START RECORDS TO PROCESS

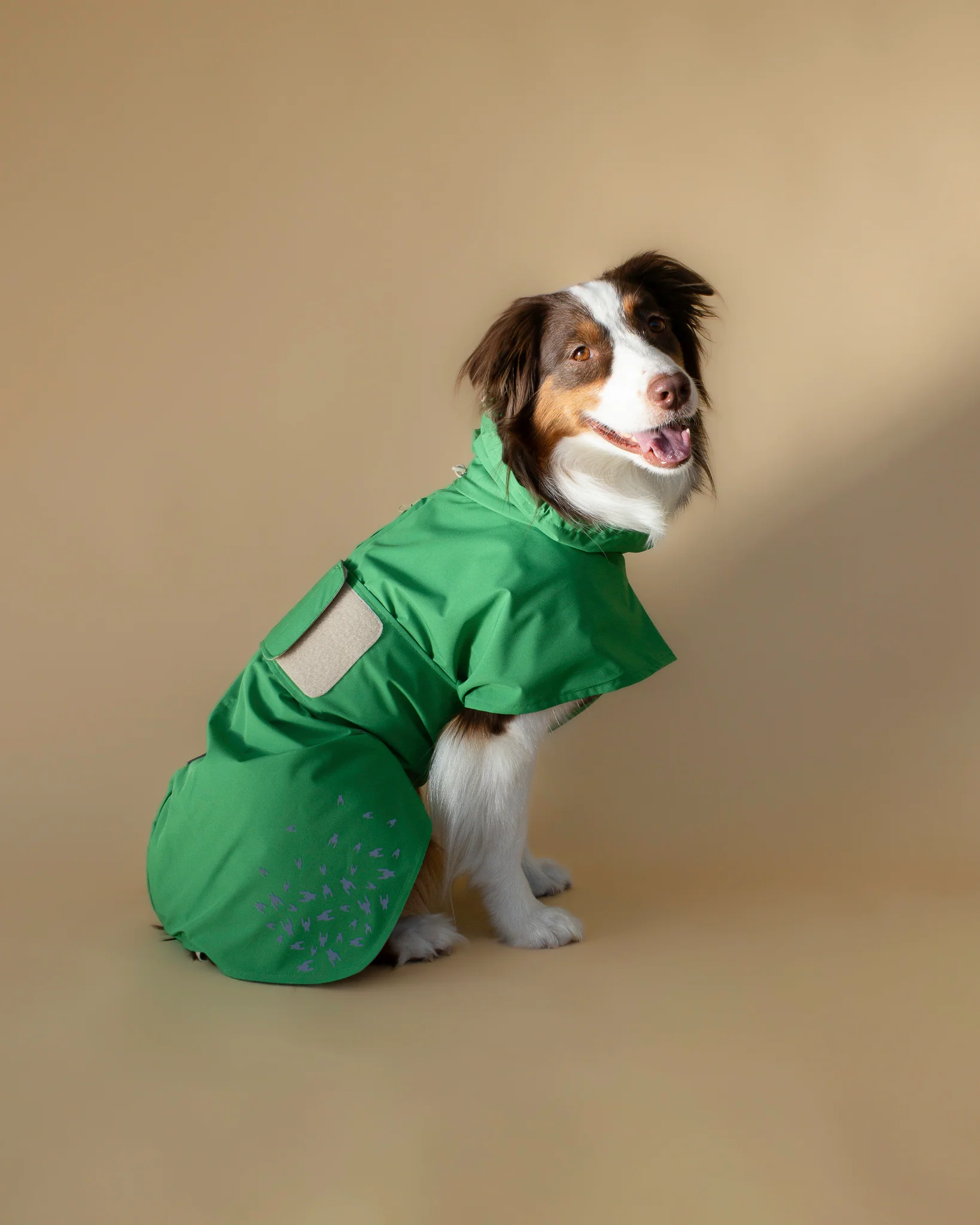 SEATTLE RAINCOAT 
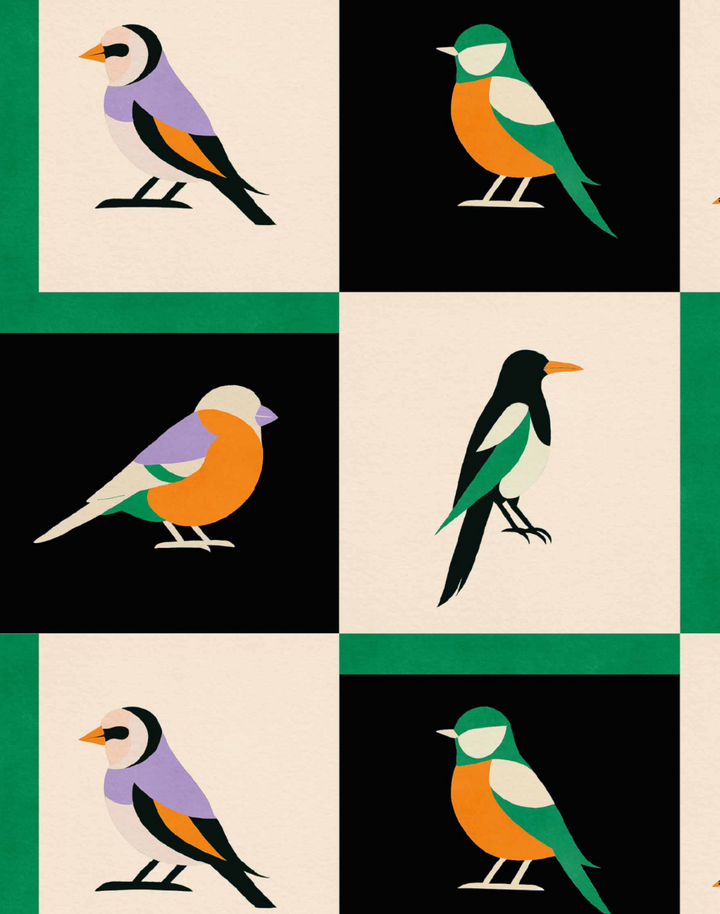 Like A Bird, Noir C00133N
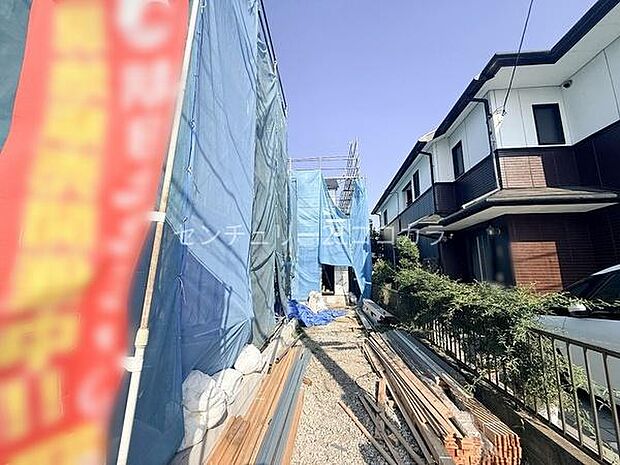 2026年7月20日撮影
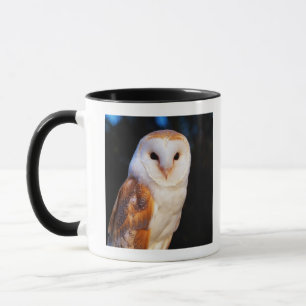Schleiereule 2 tasse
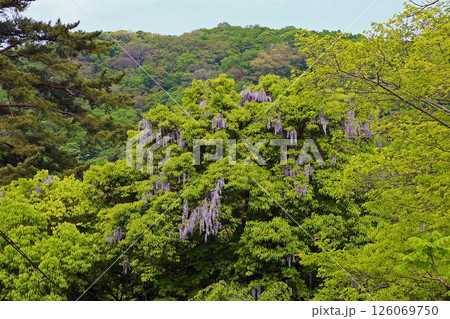 湯布院 新緑 湯布院 新緑 126069750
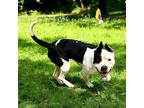 Major, American Pit Bull Terrier For Adoption In Nicholasville, Kentucky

END RECORDS TO PROCESS

Omit the pictures. Transcribe every record exactly.

 SEATTLE RAINCOAT 
 Like A Bird, Noir C00133N
 2026年7月20日撮影
Schleiereule 2 tasse
 湯布院 新緑 湯布院 新緑 126069750
 Major, American Pit Bull Terrier For Adoption In Nicholasville, Kentucky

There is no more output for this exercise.